Markus Luepertz - Fuego (2001)
Nesta semana consumou-se a grande tentação que, desde o
desastre de Pedrógão Grande, flutuava nos corações da direita. A princípio, alguma
sensatez política evitou que os partidos na oposição fizessem da desgraça um
móbil do combate político. Por certo, não o fizeram por decoro nem por uma
superioridade ética, coisas que, na verdade, não são essenciais na política,
sejam quais forem os protagonistas. Fizeram-no porque isso era, politicamente,
muito arriscado. O eleitorado poderia penalizar esse tipo de conduta.
No entanto, a direita não comprometida com um partido, aquela que se move nos
órgãos de comunicação, nos blogues e nas redes sociais – a direita com voz mas
que não vai a votos – exultava e via no acontecimento de Pedrógão a oportunidade para
tentar liquidar António Costa. Isso aconteceu praticamente desde o primeiro
momento. A direita política, porém, hesitava entre a sensatez estratégica e o
desejo que lhe corroía o coração. O sinal dessa hesitação foi dado de forma
muito clara pela história dos suicídios protagonizada por Passos Coelho.

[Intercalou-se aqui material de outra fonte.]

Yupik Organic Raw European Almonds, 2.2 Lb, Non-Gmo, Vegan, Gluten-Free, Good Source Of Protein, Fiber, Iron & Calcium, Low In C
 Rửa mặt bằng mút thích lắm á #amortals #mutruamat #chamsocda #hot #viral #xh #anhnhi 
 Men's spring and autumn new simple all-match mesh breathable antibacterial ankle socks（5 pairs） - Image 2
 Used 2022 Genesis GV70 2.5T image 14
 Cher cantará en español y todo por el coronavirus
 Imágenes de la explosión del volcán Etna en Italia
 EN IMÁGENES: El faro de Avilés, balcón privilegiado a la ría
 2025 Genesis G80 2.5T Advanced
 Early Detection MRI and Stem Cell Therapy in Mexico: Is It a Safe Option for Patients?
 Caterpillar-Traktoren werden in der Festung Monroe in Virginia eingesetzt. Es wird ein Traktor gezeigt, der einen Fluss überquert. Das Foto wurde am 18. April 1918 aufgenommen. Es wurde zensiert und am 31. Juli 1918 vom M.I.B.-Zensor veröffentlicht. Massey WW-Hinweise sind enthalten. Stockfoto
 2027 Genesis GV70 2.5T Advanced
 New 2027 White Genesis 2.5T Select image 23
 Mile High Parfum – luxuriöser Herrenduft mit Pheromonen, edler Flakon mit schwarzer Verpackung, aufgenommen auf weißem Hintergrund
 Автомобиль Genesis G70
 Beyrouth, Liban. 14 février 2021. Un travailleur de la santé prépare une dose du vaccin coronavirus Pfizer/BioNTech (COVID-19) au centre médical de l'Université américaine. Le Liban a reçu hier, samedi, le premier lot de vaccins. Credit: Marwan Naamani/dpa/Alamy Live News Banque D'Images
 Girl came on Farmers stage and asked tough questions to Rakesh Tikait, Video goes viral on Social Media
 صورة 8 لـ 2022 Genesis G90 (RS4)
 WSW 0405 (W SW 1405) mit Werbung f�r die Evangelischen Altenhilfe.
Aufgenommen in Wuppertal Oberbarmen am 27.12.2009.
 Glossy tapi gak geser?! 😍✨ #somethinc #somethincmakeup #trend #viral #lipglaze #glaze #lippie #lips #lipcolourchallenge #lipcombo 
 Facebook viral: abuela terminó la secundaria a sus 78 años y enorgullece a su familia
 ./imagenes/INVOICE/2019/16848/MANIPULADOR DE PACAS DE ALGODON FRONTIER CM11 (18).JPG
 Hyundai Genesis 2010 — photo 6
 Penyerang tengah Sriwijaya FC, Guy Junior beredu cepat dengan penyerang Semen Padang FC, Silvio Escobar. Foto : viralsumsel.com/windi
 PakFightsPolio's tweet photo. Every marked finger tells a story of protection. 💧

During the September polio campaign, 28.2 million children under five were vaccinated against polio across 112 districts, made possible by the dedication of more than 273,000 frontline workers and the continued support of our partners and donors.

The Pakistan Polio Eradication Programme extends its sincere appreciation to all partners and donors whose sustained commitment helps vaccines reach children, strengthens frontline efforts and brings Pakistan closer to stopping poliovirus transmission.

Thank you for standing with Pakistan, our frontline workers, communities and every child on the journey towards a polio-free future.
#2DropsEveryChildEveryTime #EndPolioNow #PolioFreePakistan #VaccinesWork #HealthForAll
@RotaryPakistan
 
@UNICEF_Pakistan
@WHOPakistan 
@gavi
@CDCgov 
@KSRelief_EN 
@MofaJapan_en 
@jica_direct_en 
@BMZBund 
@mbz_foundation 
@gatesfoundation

Não foi uma gaffe ou um engano. Foi
um acto falhado no sentido freudiano da expressão.
Contudo, perante a incapacidade de encontrar uma política alternativa credível, o
desejo foi mais forte do que a sensatez. Obscurecida pela vontade de vingança,
a direita política tornou-se incapaz de distinguir entre o sentimento das
pessoas e o coro ruidoso dessa direita que vive da comunicação e das redes sociais, uma direita
que, por não ter que prestar contas a eleitores e fazer-se eleger, não disfarça
o profundo ódio que a habita, um ódio cujo principal destinatário é António
Costa. A triste história da lista de mortos e o patético ultimato do chefe da
bancada parlamentar do PSD foram a expressão dessa confusão, foram a expressão
de que o desejo falara mais alto do que o cálculo político e estratégico.
Esmagada pelos resultados da economia, desmentida nas suas
patéticas previsões de desgraça, essa direita não hesitará perante nada para
lançar o país no caos. E, como vimos, não se pode esperar, nos dias que correm,
da direita política alguma sensatez. Aliás, o PSD na oposição é, por norma, um
partido muito pouca responsável e pouco interessado no bem da comunidade. Se a
esquerda – todos os três partidos – não estiver atenta a este sentimento de
ódio e não antecipar, a cada momento, para onde ele dirige o ressentimento, irá,
em vez de governar, perder muito do seu tempo e da sua energia a consertar
estragos. Não estamos em tempo de amadorismos, pois o adversário está de cabeça perdida.